(Excerpts from a dataset)
--------------------------------
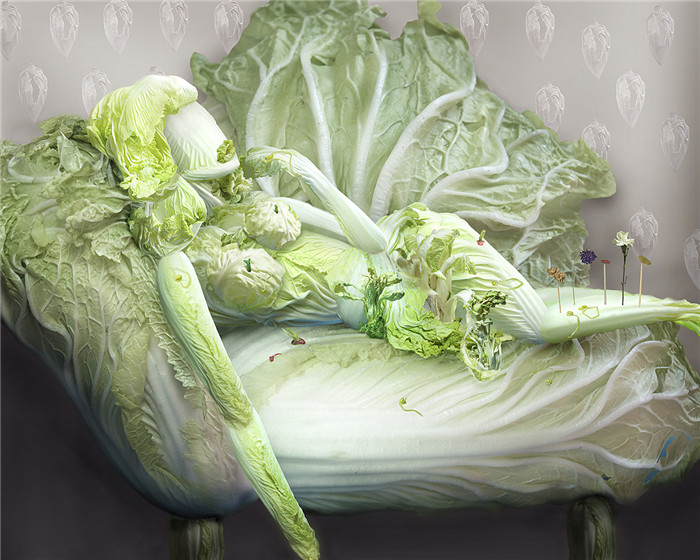 《白菜的幻想》桔多淇摄影作品展展出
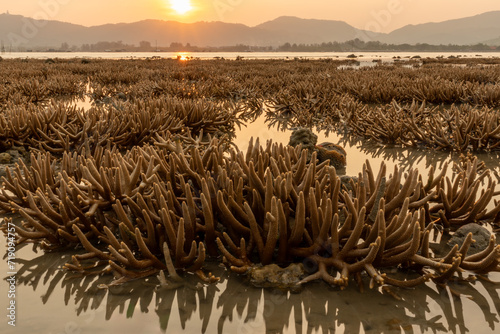 sunset over fields of coral reef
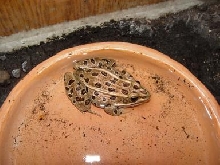 Northern Leo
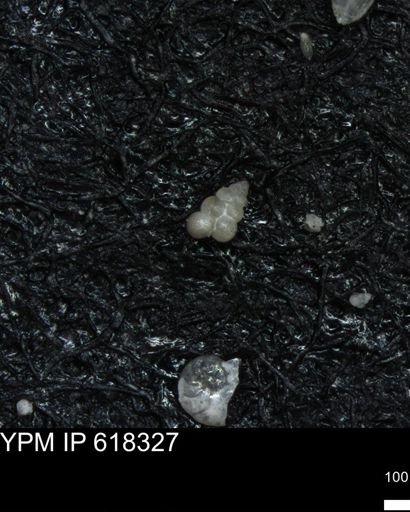 undet. Heterohelicidae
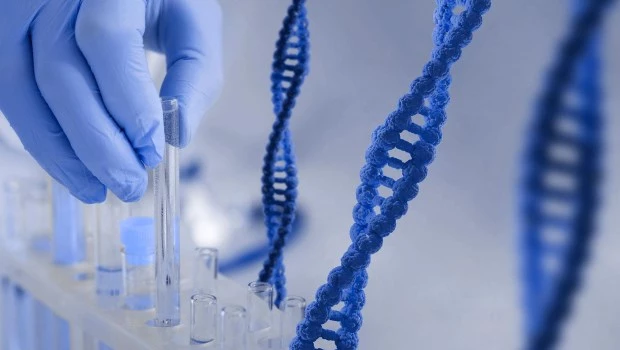 SYNGAP1, una enfermedad rara que es necesario conocer y diagnosticar 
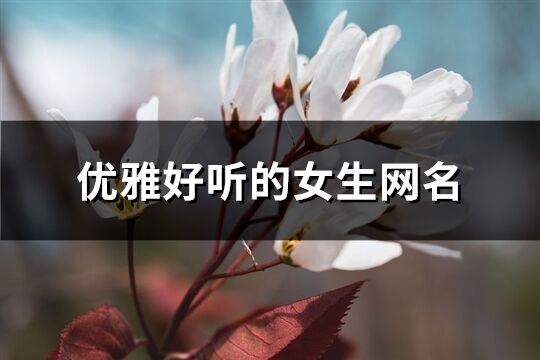 優雅好聽的女生網名(優選114個)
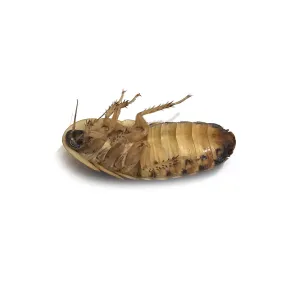 杜比亚蟑螂死亡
--------------------------------
*What you need to do*.
Output the records above verbatim. Pictures stay out.

*Task solution*.
 《白菜的幻想》桔多淇摄影作品展展出
 sunset over fields of coral reef
 Northern Leo
 undet. Heterohelicidae
 SYNGAP1, una enfermedad rara que es necesario conocer y diagnosticar 
 優雅好聽的女生網名(優選114個)
 杜比亚蟑螂死亡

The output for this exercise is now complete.